Indonesian museum’s Nazi exhibit closes after complaints
An Indonesian museum that allowed visitors to take selfies with a life-size wax sculpture of Hitler against a backdrop of Auschwitz concentration camp has removed the exhibit following complaints, the manager said on Saturday.
De ARCA Statue Art Museum in the Javanese city of Yogyakarta drew condemnation from rights groups after details of the controversial display were published in foreign media.
The exhibit features a Hitler statue standing in front of a huge photo of the gates of Auschwitz concentration camp.
The museum’s operations manager, Jamie Misbah, said the wax sculpture had been removed after the building was told about criticism from prominent Jewish organisation the Simon Wiesenthal Centre.
“We don’t want to attract outrage,” Misbah said. “Our purpose to display the Hitler figure in the museum is to educate.”
The Hitler sculpture is one of about 80 figures, including other world leaders and celebrities, at the wax and visual effects centre.

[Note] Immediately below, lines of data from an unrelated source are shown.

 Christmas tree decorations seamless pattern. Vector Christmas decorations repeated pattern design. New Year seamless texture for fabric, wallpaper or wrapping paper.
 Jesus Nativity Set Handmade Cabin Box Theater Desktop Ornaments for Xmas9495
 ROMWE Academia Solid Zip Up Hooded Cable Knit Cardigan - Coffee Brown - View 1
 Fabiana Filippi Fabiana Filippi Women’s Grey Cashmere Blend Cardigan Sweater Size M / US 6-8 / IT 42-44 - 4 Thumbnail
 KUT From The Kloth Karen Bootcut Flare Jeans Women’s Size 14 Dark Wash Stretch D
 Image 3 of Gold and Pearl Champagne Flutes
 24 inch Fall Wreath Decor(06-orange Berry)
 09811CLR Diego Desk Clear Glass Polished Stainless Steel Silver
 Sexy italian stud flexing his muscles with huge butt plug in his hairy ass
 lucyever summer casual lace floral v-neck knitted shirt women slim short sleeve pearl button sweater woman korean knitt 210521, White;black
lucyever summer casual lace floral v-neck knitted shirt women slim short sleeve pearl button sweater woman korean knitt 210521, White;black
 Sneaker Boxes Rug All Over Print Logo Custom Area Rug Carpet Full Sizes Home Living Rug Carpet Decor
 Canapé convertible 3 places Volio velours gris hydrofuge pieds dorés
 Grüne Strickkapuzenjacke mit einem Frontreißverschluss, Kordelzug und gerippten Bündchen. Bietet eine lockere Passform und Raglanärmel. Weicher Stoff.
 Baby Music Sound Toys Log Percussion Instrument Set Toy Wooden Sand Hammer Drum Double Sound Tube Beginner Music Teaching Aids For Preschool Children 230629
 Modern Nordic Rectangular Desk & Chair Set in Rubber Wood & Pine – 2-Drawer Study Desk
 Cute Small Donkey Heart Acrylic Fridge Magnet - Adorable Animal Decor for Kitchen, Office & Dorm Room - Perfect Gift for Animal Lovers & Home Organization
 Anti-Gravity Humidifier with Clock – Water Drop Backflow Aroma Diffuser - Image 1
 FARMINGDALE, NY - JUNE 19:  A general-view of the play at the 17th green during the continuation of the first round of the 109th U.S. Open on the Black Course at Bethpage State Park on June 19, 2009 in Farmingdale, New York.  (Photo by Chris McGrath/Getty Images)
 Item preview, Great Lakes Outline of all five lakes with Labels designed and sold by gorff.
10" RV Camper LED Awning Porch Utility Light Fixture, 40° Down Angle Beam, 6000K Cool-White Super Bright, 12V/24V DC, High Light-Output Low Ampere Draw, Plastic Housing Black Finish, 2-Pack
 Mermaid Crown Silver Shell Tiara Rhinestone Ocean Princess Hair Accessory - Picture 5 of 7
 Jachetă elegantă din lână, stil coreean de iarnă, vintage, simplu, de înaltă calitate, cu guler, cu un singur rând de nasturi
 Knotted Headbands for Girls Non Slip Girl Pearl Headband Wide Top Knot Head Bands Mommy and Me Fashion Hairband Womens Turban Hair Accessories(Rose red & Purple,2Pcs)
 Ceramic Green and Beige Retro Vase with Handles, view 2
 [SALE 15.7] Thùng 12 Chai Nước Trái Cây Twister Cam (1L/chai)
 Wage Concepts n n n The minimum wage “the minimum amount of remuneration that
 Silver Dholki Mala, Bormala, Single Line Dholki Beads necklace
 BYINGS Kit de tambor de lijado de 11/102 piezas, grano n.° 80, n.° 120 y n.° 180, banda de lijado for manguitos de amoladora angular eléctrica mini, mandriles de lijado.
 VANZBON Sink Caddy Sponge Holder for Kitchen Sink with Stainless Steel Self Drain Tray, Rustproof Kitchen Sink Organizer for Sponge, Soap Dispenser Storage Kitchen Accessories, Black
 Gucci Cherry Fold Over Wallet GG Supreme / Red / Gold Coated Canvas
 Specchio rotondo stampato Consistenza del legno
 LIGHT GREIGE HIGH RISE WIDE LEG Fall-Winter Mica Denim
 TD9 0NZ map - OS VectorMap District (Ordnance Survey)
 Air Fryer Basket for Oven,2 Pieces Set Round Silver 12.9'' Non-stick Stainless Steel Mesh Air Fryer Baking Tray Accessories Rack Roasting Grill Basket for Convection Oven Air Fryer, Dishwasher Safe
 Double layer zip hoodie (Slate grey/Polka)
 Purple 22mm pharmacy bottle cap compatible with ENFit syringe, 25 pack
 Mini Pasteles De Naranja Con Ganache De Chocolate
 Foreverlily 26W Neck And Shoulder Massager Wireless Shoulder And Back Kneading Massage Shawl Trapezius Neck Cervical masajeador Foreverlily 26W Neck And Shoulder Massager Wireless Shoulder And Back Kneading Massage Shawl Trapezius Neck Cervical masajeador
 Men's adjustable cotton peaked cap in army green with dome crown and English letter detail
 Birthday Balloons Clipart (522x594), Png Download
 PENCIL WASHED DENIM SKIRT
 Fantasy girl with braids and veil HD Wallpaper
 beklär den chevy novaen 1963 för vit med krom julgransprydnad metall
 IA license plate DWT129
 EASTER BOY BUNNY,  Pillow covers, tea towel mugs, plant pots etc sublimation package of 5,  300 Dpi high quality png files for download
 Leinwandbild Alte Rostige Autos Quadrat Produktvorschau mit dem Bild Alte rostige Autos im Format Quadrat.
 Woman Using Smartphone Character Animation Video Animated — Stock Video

The Nazi-themed exhibit was a popular attraction for visitors to take selfies, and photos circulating on social media showed visitors posing with Hitler and in some cases, saluting like Nazis.
Misbah said he thought it was “normal” for visitors to take photos in front of displays, but said the museum respected the exhibit had upset people from around the world.
Historians have blamed Indonesia’s education system for the lack of awareness and sensitivity about second world war issues.
In January, a controversial Nazi-themed cafe in the western Javanese city of Bandung was closed.
The venue, which featured swastikas on walls and photos of Hitler, sparked criticism when reports about the unusual venue surfaced several years ago.